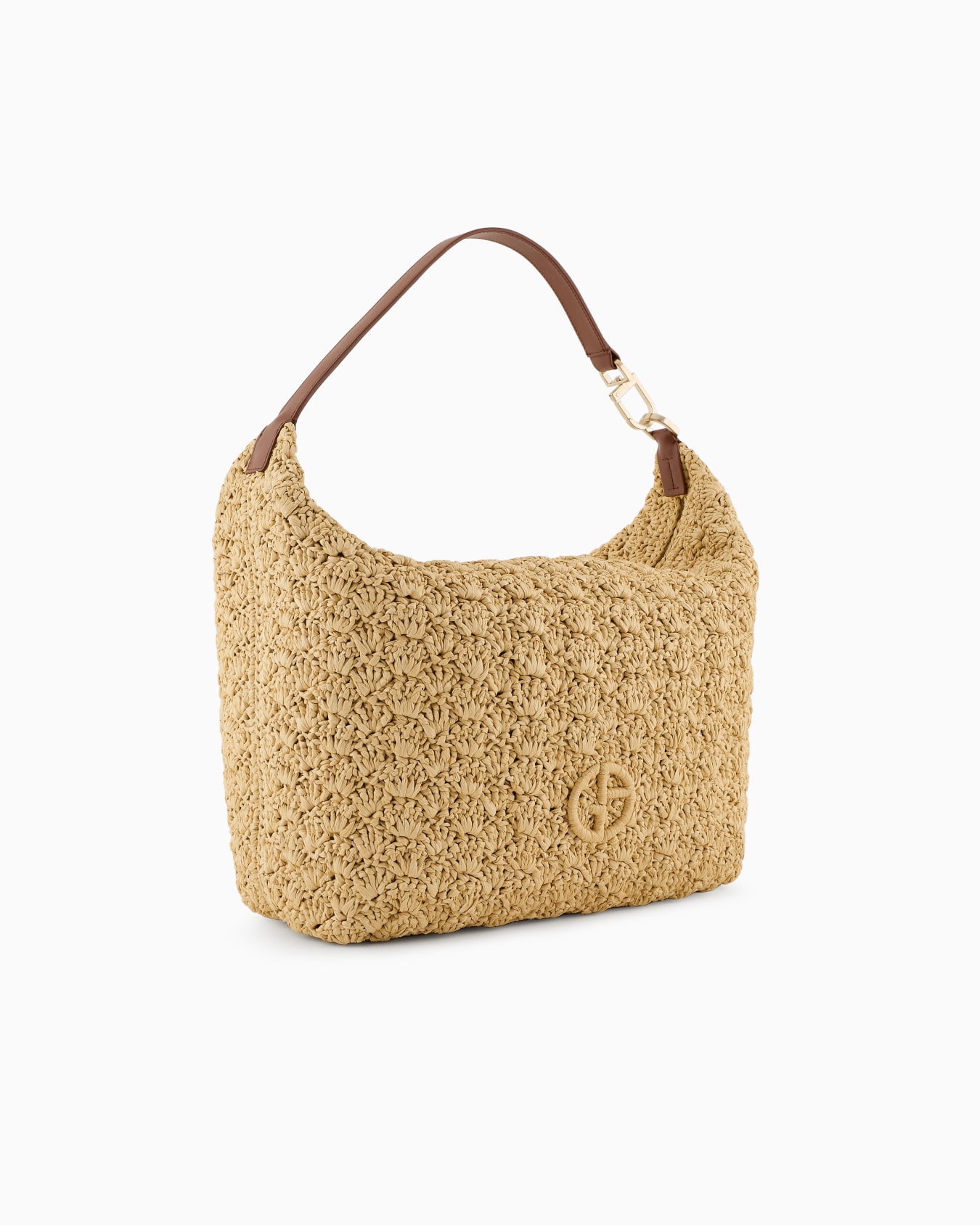La Prima Soft large hobo bag in raffia and leather Slide 1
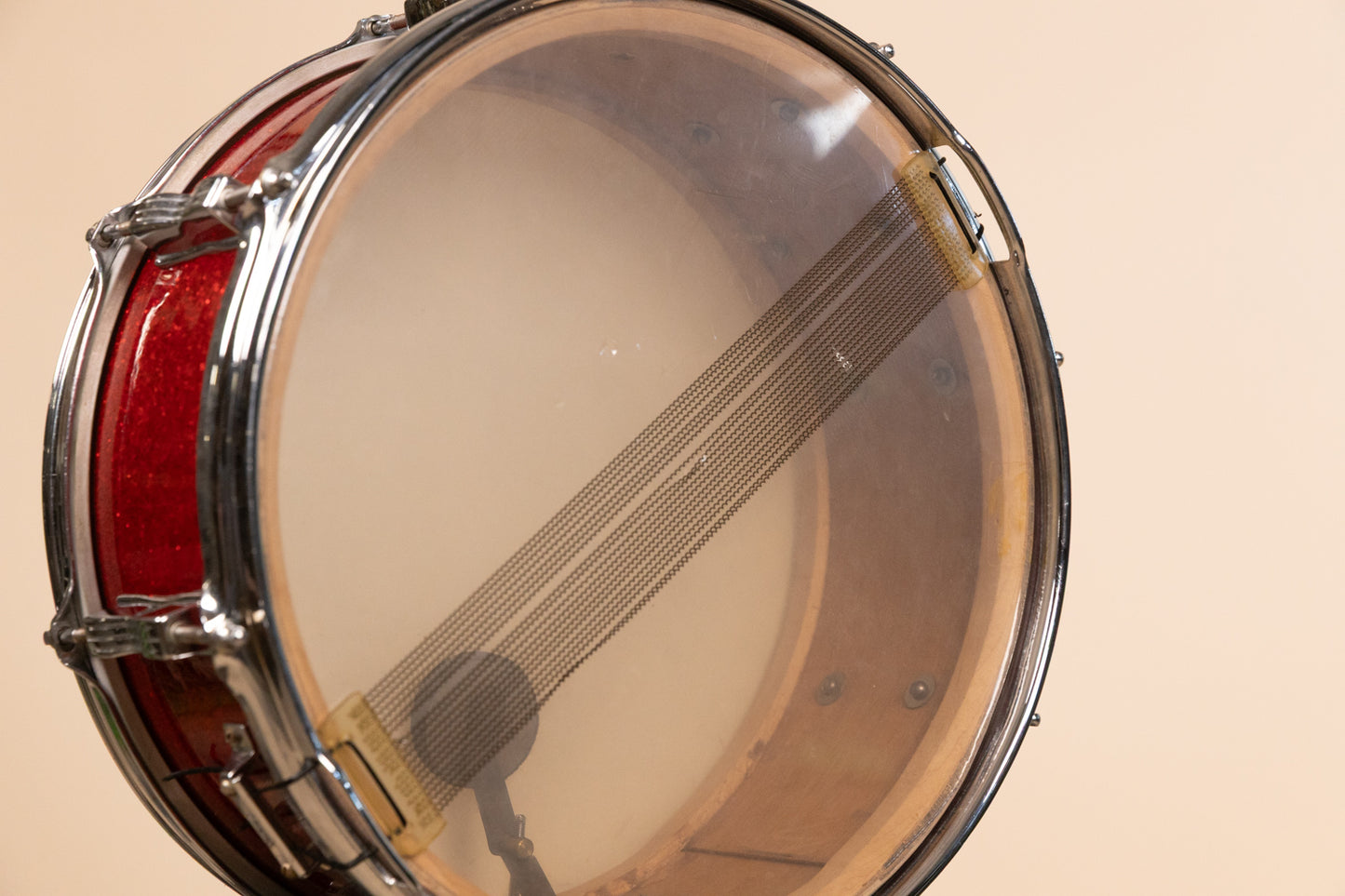 Vintage Ludwig 5.5x14 Red Glass Glitter Transition Stamp Jazz Festival Snare Drum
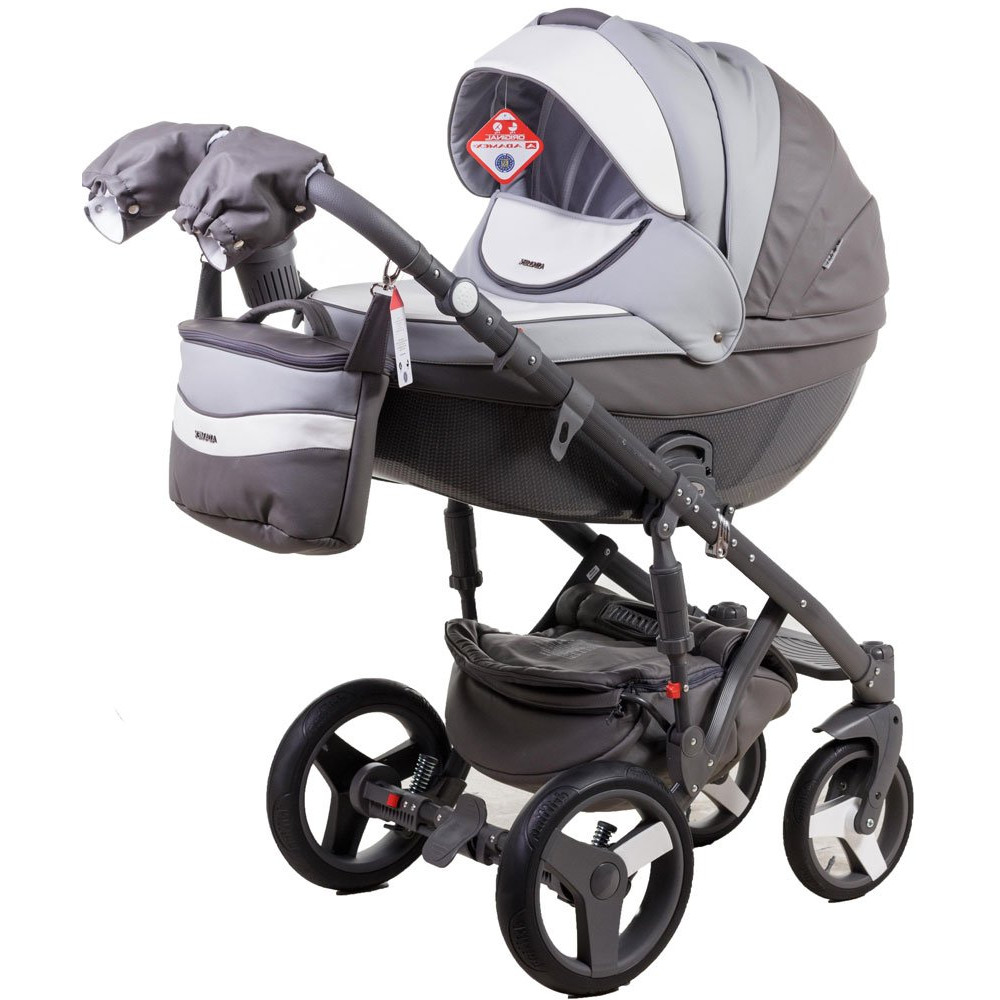 Коляска 2 в 1 Adamex Monte Carbon Deluxe D109 еко шкіра 100% (Адамекс Монте Д109)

What is needed
An exact reproduction of the material is needed, without its images.

Output of the exercise
La Prima Soft large hobo bag in raffia and leather Slide 1
 Vintage Ludwig 5.5x14 Red Glass Glitter Transition Stamp Jazz Festival Snare Drum
 Коляска 2 в 1 Adamex Monte Carbon Deluxe D109 еко шкіра 100% (Адамекс Монте Д109)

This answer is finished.